Drones have a growing range of useful applications, but there has been a lot of attention given to their increasing role in modern warfare. We can hope that individual military conflicts will come to an end, but there is one form of warfare that will probably never cease – the “war on weeds.” Drone-based technology is also being employed in that arena.
It has been famously said that a weed is just “a plant whose use have yet to be identified.” In fact there are certain intrinsically “weedy” species of plants which make a huge number of seeds, are really good and spreading into new territory, and which can establish a “seed bank” which insures that they will re-emerge year after year even if the weather or a farmer’s efforts suppress them in any given growing season. Weeds have also been a challenge for humanity from the earliest days of farming.
For most of human history the principle means of controlling weeds on farms has been through mechanical tillage of the soil with tools evolving from the hoe to the plow to the cultivator.
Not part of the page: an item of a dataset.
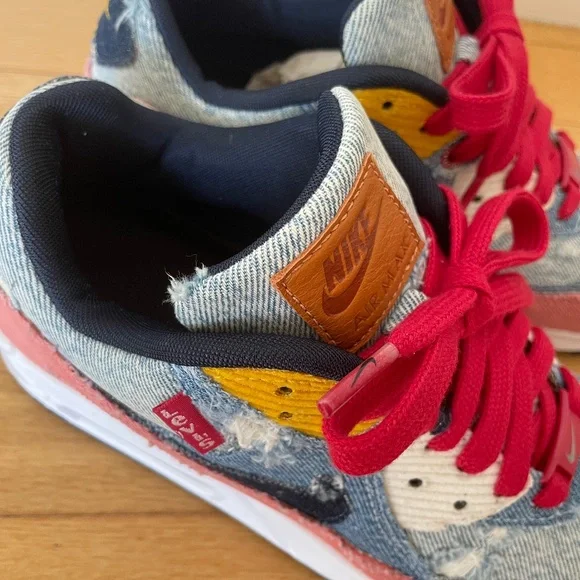 Levi's x Air Max 90 'Nike By You'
Unfortunately, the process of tillage degrades soil health over time and leads to phenomena like the Dust Bowl of the early 20th century. Chemical herbicides (particularly in combination with herbicide tolerant crops) have enabled more and more modern farmers to protect and improve their soils by using “no-till” and “strip-till” farming methods. For many crops and regions those minimum tillage systems are a foundational component of “Regenerative Agriculture” which is becoming the “gold standard” for environmentally-friendly and climate-smart crop production.
Unfortunately, weeds are very good at evolving their way around almost any technology used to suppress them. Herbicide tolerant weeds are a growing problem in modern agriculture, and it is extraordinarily difficult and expensive to discover and develop new herbicides with new modes of action to overcome that resistance.
When a new invasive weed species or one that is herbicide tolerant first arrives in a given field, the farmer needs to know that it has arrived and eliminate it before it manages to “set seed” and become an entrenched problem. Farmers can go out and physically “scout” their fields for these invaders, but that isn’t really feasible at the necessary level of detail on the scale of modern farming. However, “intelligence gathering” about the weed status of a field is a perfect fit for a drone-based imaging, and that function is being taken to a new level of precision by a company called Sentera.
Sentera was founded in 2014 by Eric Taipale, who now serves as the company’s chief technology officer. The business most recently raised significant capital via a Series C round expansion in 2023. The goal of founders was to find agriculture applications for some of the ultra-high resolution camera technology they had worked with in other areas. The technology they developed was a device that is light enough to transport on a small standard drone, but which includes 5 cameras, each of which detects a different wavelength of light. The system self-calibrates for the solar conditions during use. This unit can be flown over agricultural fields covering 260 acres or more per hour and capturing images down to a ¼inch resolution at the rate of 5 frames per second.
Sentera developed an extensive database connecting this kind of image with information about the weeds and other plants that are found in fields. That data was used to build a system that enables weeds to be identified to the species level even as young seedlings and map their exact location in a field. That data can then be used to develop a prescription for precision spray equipment which can then apply a set of specific herbicides with each one only used on the parts of the field where it is needed.
The total amount of herbicide needed can be reduced by up to 70%. That savings makes it possible to include products that might be too expensive or represent a risk of off-site drift if they were applied as a blanket spray across the field.
This technology will not only save farmers money, but it will also help to maintain optimal regenerative practices such as continuous no-till.